National Standards based on 'shonky figures'
I recently paid a visit to my old school, Papatoetoe Central Primary, in South Auckland.
It's changed a bit since I was there. It's bigger, has new classrooms and a new sports field. But it still offers the same high quality education.
What is different is that about 30% of the new entrants come from migrant families and arrive with very limited English, if any at all.
Yet by the time those kids leave they're achieving about where they should be for their age. So they've made eight years progress in the space of six - an outstanding achievement.
Compare that to other better-off schools whose kids arrive already possessing rudimentary reading skills and speaking fluent English. They leave exactly where they should be, progressing six years in six years.
Which is the better school?
In terms of the one that's making the biggest impact on children's learning, my old school should come out on top.
But according to National Standards, it is failing because for most of their time there, the kids are behind.
The Government wants to use National Standards to rank all schools by using league tables.
The problem is that ranking will be based on shonky figures because data is collected differently from school to school and the results are not moderated.
Currently, teachers run a series of different tests on children measuring their progress. They then apply their own judgement on a child's performance - adjusting them up or down - before putting their results into a National Standards format.

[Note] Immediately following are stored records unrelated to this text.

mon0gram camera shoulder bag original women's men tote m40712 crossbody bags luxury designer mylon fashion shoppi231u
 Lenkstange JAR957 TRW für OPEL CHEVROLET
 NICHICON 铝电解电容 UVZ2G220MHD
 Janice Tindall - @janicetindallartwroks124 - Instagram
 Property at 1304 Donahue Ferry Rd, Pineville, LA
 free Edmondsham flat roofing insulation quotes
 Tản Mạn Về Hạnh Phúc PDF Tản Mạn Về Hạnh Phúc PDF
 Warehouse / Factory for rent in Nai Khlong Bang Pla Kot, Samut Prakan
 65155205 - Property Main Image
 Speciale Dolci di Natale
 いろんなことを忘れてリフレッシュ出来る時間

The results going in, therefore, can be quite different and comparisons cannot be fairly made.
We should be proud of our education system. It's among the world's top ten. Within that top ten though, only South Korea uses league tables. In fact, they're only used in countries that are performing well below us.
And evidence shows in those countries, underperforming schools have manipulated their results to gain high league table positions. How can we ask our parents to have faith in a similar system?
In the end, just measuring isn't going to lift student achievement. Neither is National's plan to increase class sizes and put unqualified teachers in schools.
In contrast, Labour is committed to delivering a world-class education at every school.
That requires teachers of the highest quality. It means extending reading recovery to all children so they don't fall behind. It also means giving kids food at school if they need it so they're not left hungry, unable to concentrate and distracting others.
Schools must also be accountable to parents for their child's progress.
We would require the Education Review Office to look into the health of schools and to provide parents with simple, easy-to-understand report cards on their school - identifying strengths, weaknesses and any remedial action needed.
These will be more useful than league tables based on ropey information.
Parents must be able to trust our education system, know that it's world-class and that it will help their children reach their full potential.